From: Kerry, North Reading, MA


Dear Kerry,

What makes you think this is a separation issue? Sounds more like it's got something to do with the swimming. In fact, your letter made me remember when my son was this age and refused to go to day camp even though he had liked it the year before. I couldn't figure it out until I asked a simple question: "What do you wish could be different about day camp?" He said: "The noise."

A little more probing and I had it: He was old enough that year for his group to be using the "big" locker room (this was one of the camps at a private day school) and there was a fierce echo in the space. Luckily, the counselors were sympathetic and someone was able to take him to change in a different space. It was a great lesson for him (to be able to identify what was bothering him and get a remedy) and for me (to ask a simple, direct question).

It's not always this easy, of course. But keep in mind that sensory issues are big at this age. Hating swimming may not be about the swimming at all but about the noise in the pool, the splashing, the smell of chlorine. Who knows? Kids who are used to pools may hate a lake or the ocean or vice versa.
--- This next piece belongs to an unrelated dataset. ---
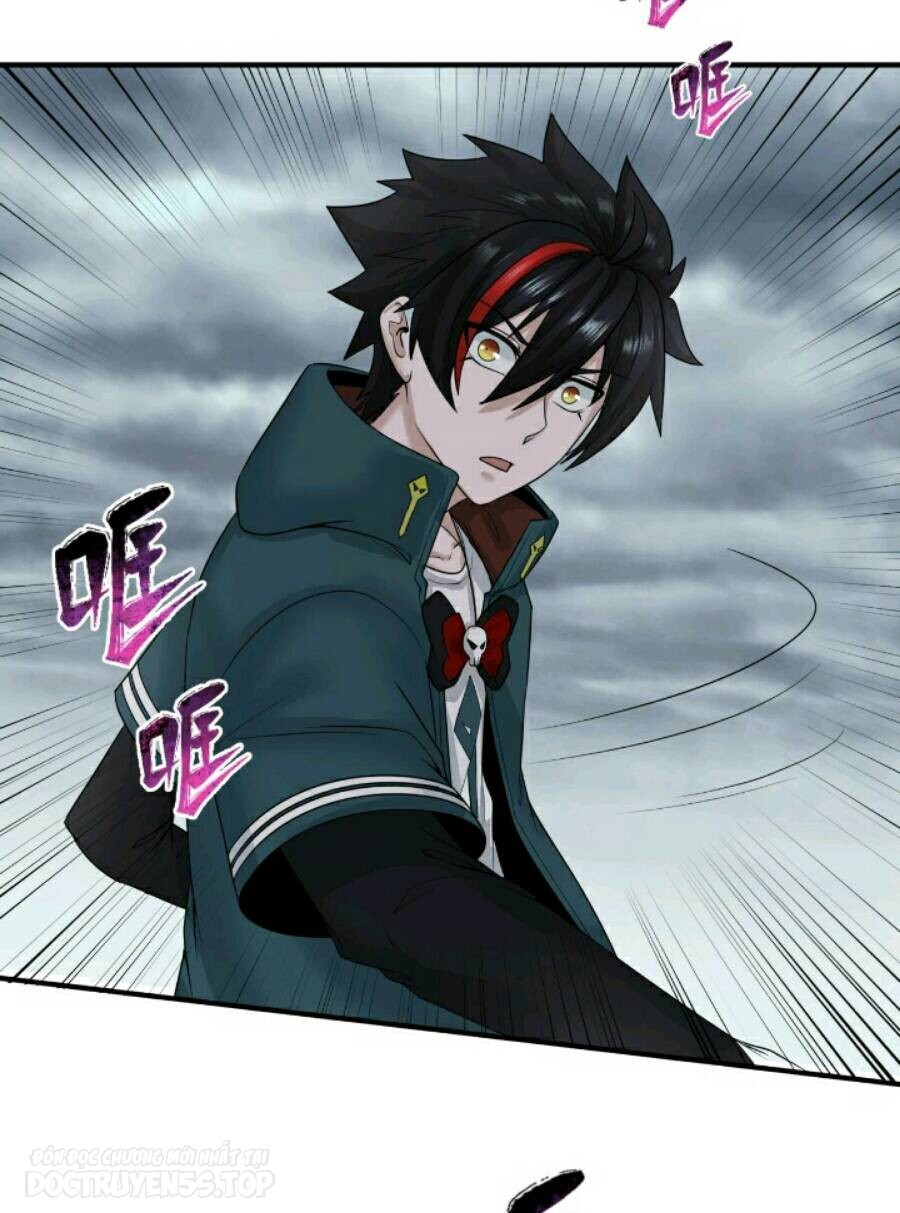 toàn cầu quỷ dị thời đại chapter 46 33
You're right, keeping them home may make it more difficult to get them go back because you've basically unwittingly told them, "you're right not to want to be there." My suggestion is to talk with the camp director and counselors and see what ideas they have for why they don't like it, and for how to get them back. I guarantee your kids aren't the first to not want to go to camp. (Are they separated from each other? Could that be the issue?) I suggest having a meeting with the boys and the counselors and see if that helps. Worst case is that you'll have to start over again with a new camp next year. But if it's possible, get them back there even for just a few days so they can master whatever it is that bothered them.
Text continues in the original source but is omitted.